Ways to increase wrist/forearm size?

ForeverBulkin

New member
I've always had very small wrists and forearms. From when I started lifting at 6'1" 120lbs to where I am currently 6'1" 196 lbs, my wrists and forearms are literally the exact same size. I do forearm exercises and I get a pump, but they nvr grow.

Anyway to drastically increase wrist/forearm size without the use of HGH?
 
Ya tour wrists wont grow. Which if you are after a bodybuilding physique is a good this. You WANT small wrists, and ankles and waist. Forearms can grow though. If you use straps, stop. That alone will cause you to actually grip the weight and that will stimulate forearm muscles. You can also do all the wrist curl exercises but im not a fan of those as I find them much to hard on the wrists.
 
The forearm muscles have a really small range of motion so you need to increase the time under tension to stimulate them efficiently for muscle growth.
This means high reps (15+) with slow eccentric portions.

You could try training your forearms first in your workout rather than leaving them until the end like most people. The fact that their built for endurance also means you can hit them more frequently than other muscle parts.

But I think you have to accept that since the forearms have predominantly slow twitch muscle fibres, their room for growth is very limited - even with AAS.
 
After several years of heavy lifting using compound movements, then maybe try and bring up lagging body parts. If you're deadlift increases from 225 to 405 lbs I can almost gaurantee you're forearm size will increase. It's hard to estimate how different muscles will grow when stimulated sufficiently. Better to use heavy compound movements predominately for an extended time then assess where you're weakpoints are
 
After several years of heavy lifting using compound movements, then maybe try and bring up lagging body parts. If you're deadlift increases from 225 to 405 lbs I can almost gaurantee you're forearm size will increase. It's hard to estimate how different muscles will grow when stimulated sufficiently. Better to use heavy compound movements predominately for an extended time then assess where you're weakpoints are

agree with carvel I here, the forearms can't help but respond to heavy compound movements. heavy back training movements should also help, and like my friend said, drop the straps if you're using them. they are useful, but will take away the strain you want on the forearms.

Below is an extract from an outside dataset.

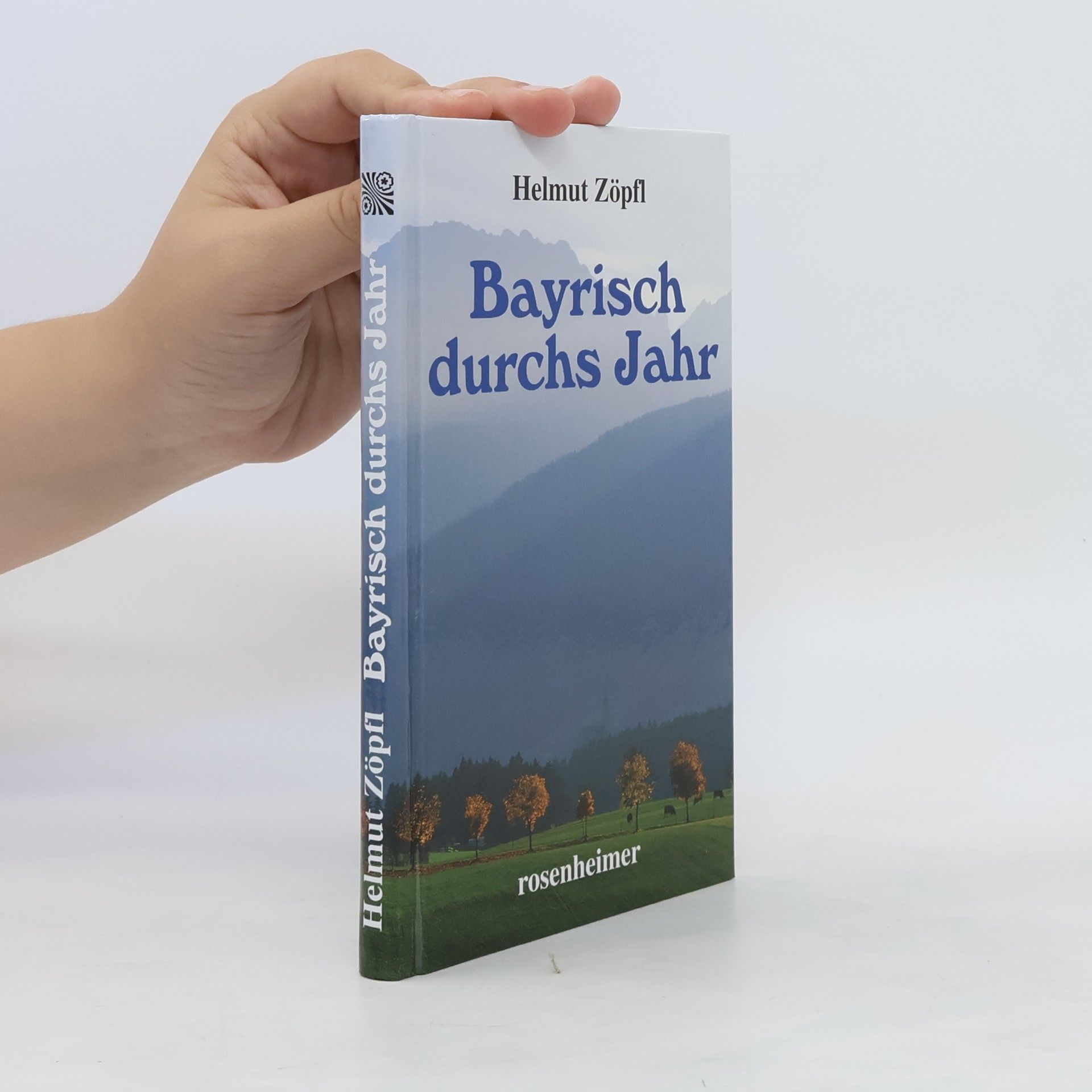 Helmut Zöpfl Bayrisch durchs Jahr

Also, frequent masturbation helps. :)
 
Grip a 45lb plate and with your elbows on your knees and arms extended, "flip" the plate back and forth (seated), after 20-35 reps, put the plate on the ground and stretch your forearms by pulling your wrists towards you and pushing down. Count to 5, then pull the plate back up with your fingers and do a static hold for 15-25 seconds.

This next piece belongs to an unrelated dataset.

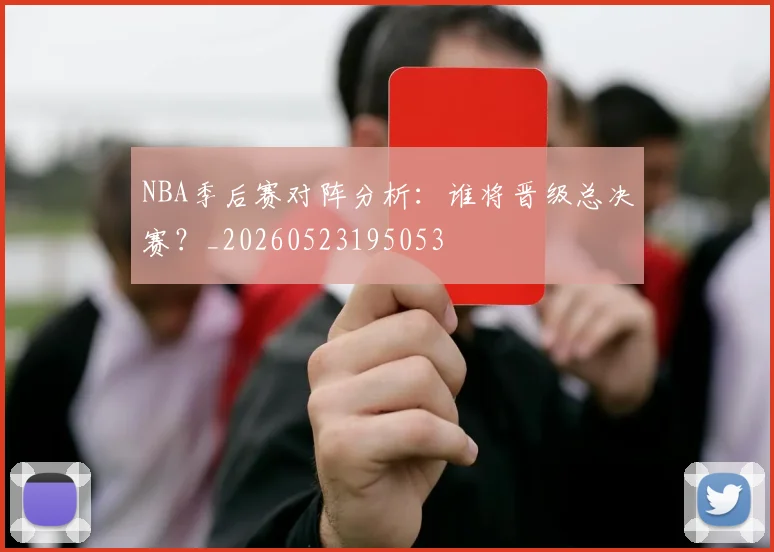 NBA季后赛对阵分析:谁将晋级总决赛?_20260523195053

That's one set, I do four and the last set gets a static hold as long as I can bear the pain. This on top of other compound movements has helped me to shape my forearms.

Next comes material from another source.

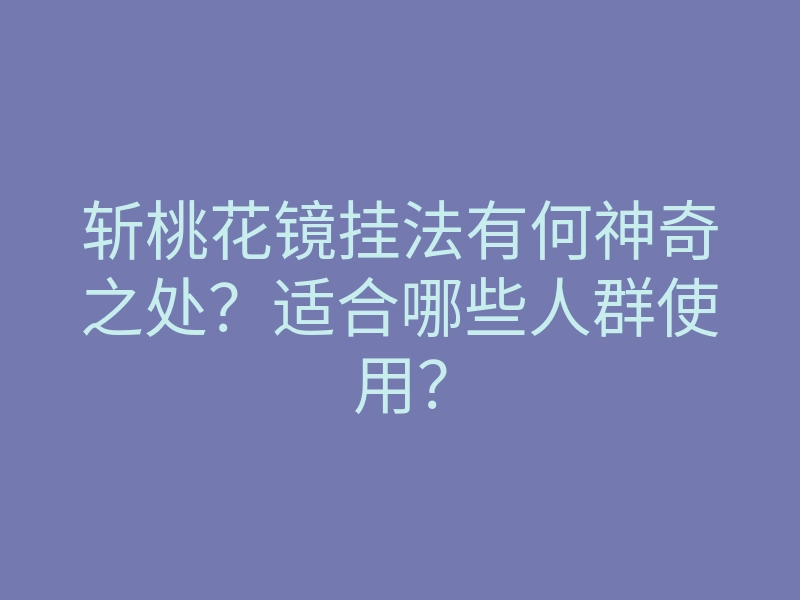 斩桃花镜挂法有何神奇之处？适合哪些人群使用？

There are a ton of exercises, but I really like/hate these. We call them "rippers". Worth a try. ;)

My .02c :)
 
ive never known anyone truly big who did forearm curls. ive only been doing this for 22 years but i have known a lot of huge guys and seen a lot of huge guys over the decades and like i said, i have never seen any of them or known of them doing forearm curls. the only guys i see doing forearm curls are skinny and underdeveloped and should definetely be spending that time elsewhere.
heavy pulling will do it. pullups without straps until your grip fails, as well as all your rows/dl's etc.
 
ive never known anyone truly big who did forearm curls. ive only been doing this for 22 years but i have known a lot of huge guys and seen a lot of huge guys over the decades and like i said, i have never seen any of them or known of them doing forearm curls. the only guys i see doing forearm curls are skinny and underdeveloped and should definetely be spending that time elsewhere.
heavy pulling will do it. pullups without straps until your grip fails, as well as all your rows/dl's etc.

agree 100% in my humble opinion! after 25 years in the weight room, direct forearm work is a recipe for tendonitis, tennis elbow, golf elbow which I just learned is the new name for inner elbow or forearm pain. At least over the long term I believe it will lead to this. my 2cnts.